(Captioned web image data)
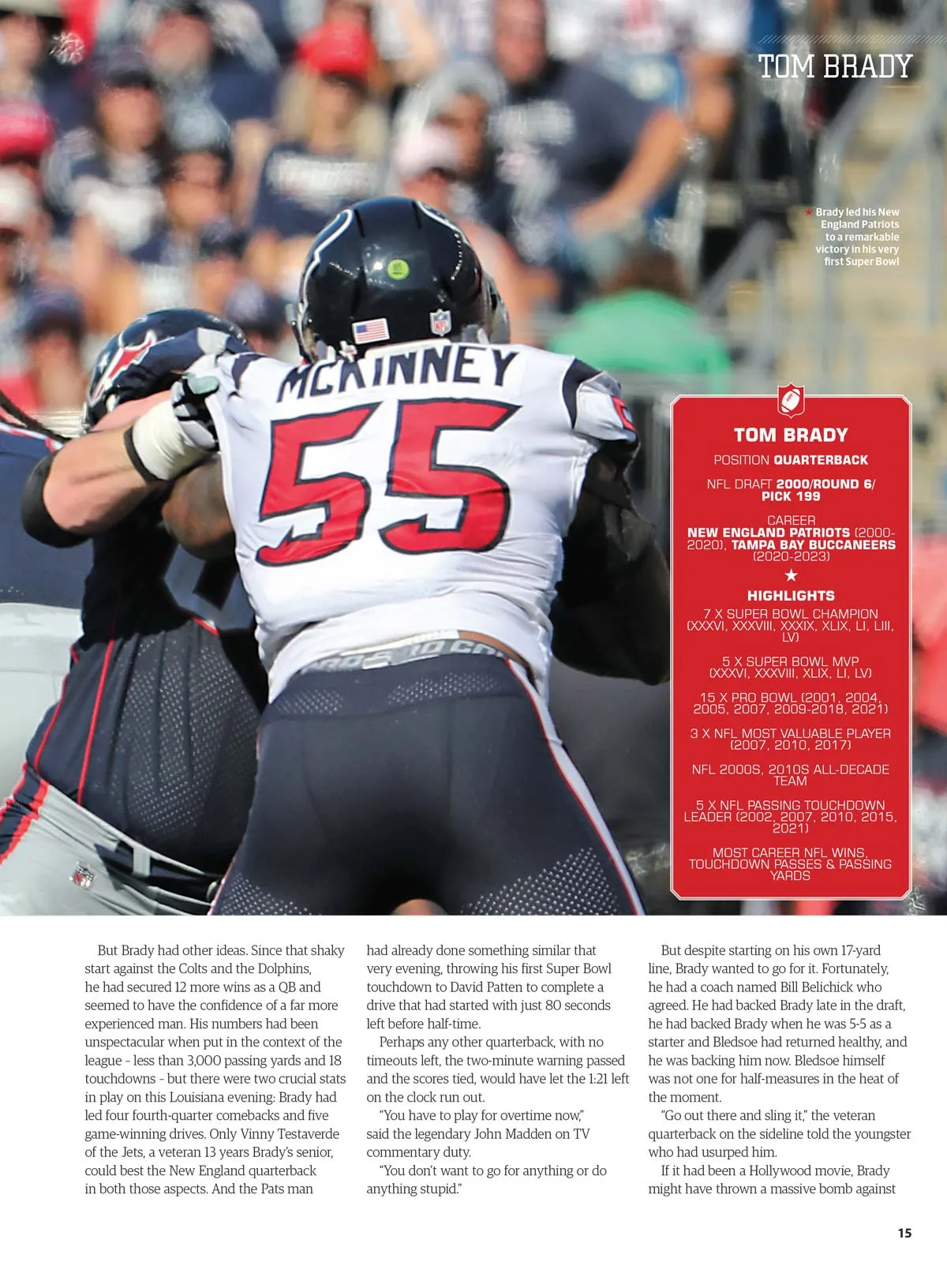 Legends Of The NFL - 20  NFL Icons, Extraordinary Games, Early Trailblazers To Modern Day, Jim Brown, Barry Sanders, Joe Montana, Tom Brady, Peyton Manning, Legend Profiles, Super Bowls & More!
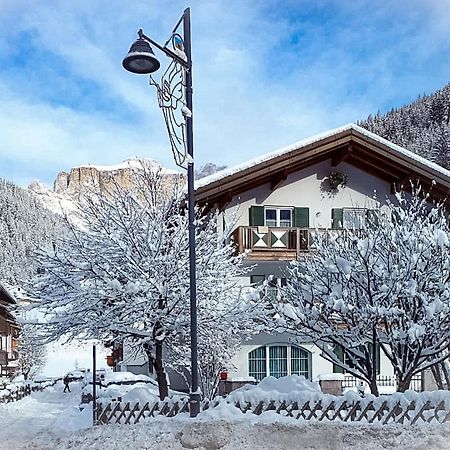 Cesa Stefi Appartement Canazei Buitenkant foto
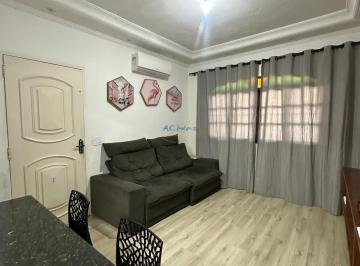 Casa · 63m² · 2 Quartos · 2 Vagas · Casa Térrea 2 dorms no Maracanã - Churrasqueira a Carvão - Financia!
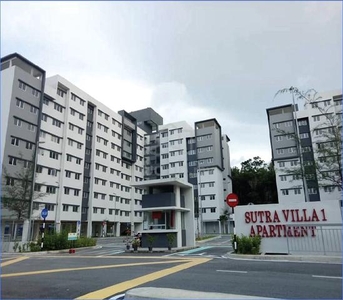 Sutra Villa 1 Apartment Unit At Kuantan Pahang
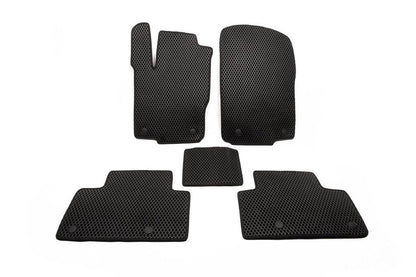 EVA Mats (Black) for Mercedes GLE coupe C292 2015-2019 - Reelken Auto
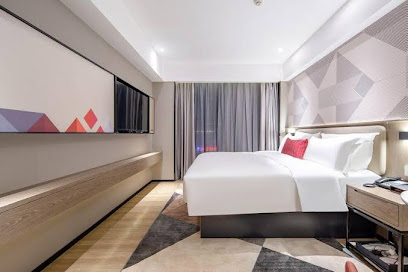 Borrman Hotel Wu Zhou Sanqicheng Meiguihu Park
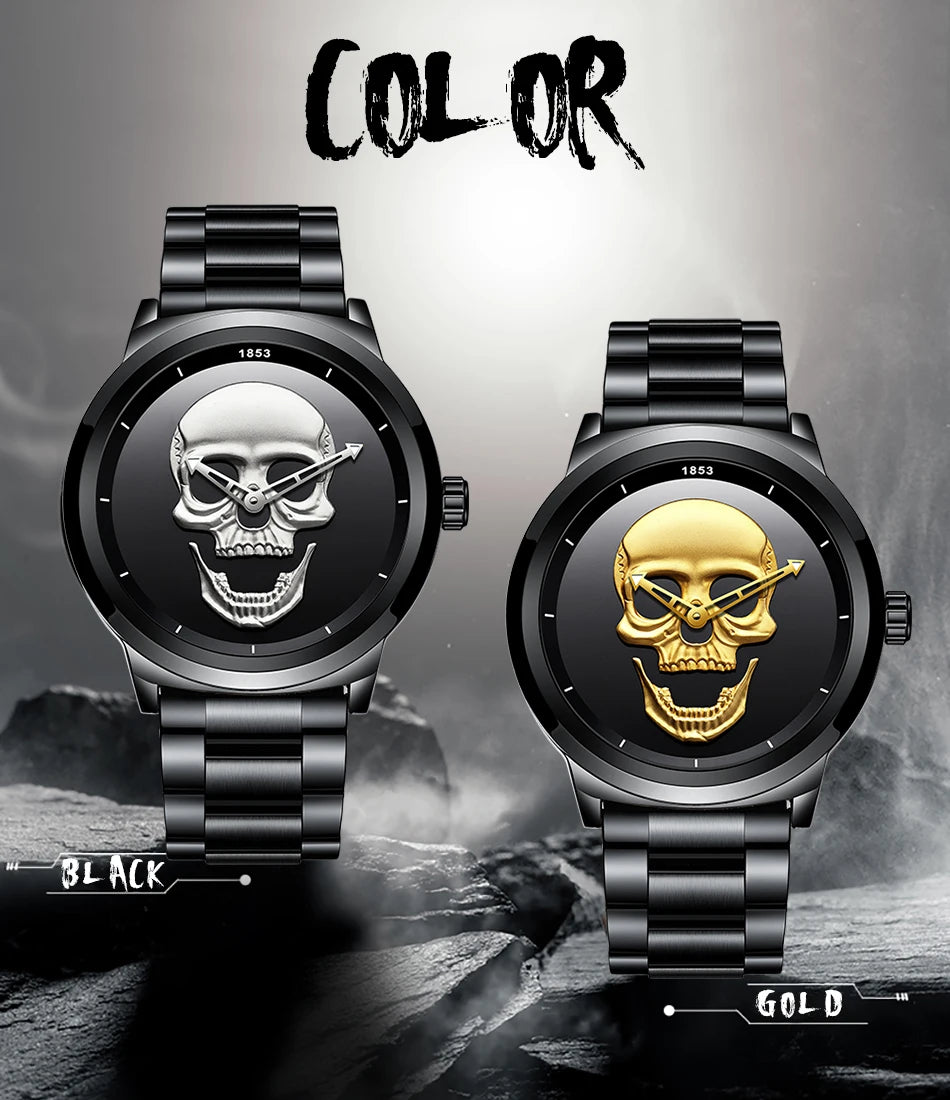 Relojes deportivos LIGE para hombre, marca superior, reloj de cuarzo de lujo para hombre, reloj de pulsera de acero inoxidable resistente al agua para hombre, reloj Masculino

• _INSTRUCTIONS FOR THE TASK_
Pictures do not belong in the copy. Output all of the records exactly.

• _REPLY_
 Legends Of The NFL - 20  NFL Icons, Extraordinary Games, Early Trailblazers To Modern Day, Jim Brown, Barry Sanders, Joe Montana, Tom Brady, Peyton Manning, Legend Profiles, Super Bowls & More!
 Cesa Stefi Appartement Canazei Buitenkant foto
 Casa · 63m² · 2 Quartos · 2 Vagas · Casa Térrea 2 dorms no Maracanã - Churrasqueira a Carvão - Financia!
 Sutra Villa 1 Apartment Unit At Kuantan Pahang
 EVA Mats (Black) for Mercedes GLE coupe C292 2015-2019 - Reelken Auto
 Borrman Hotel Wu Zhou Sanqicheng Meiguihu Park
 Relojes deportivos LIGE para hombre, marca superior, reloj de cuarzo de lujo para hombre, reloj de pulsera de acero inoxidable resistente al agua para hombre, reloj Masculino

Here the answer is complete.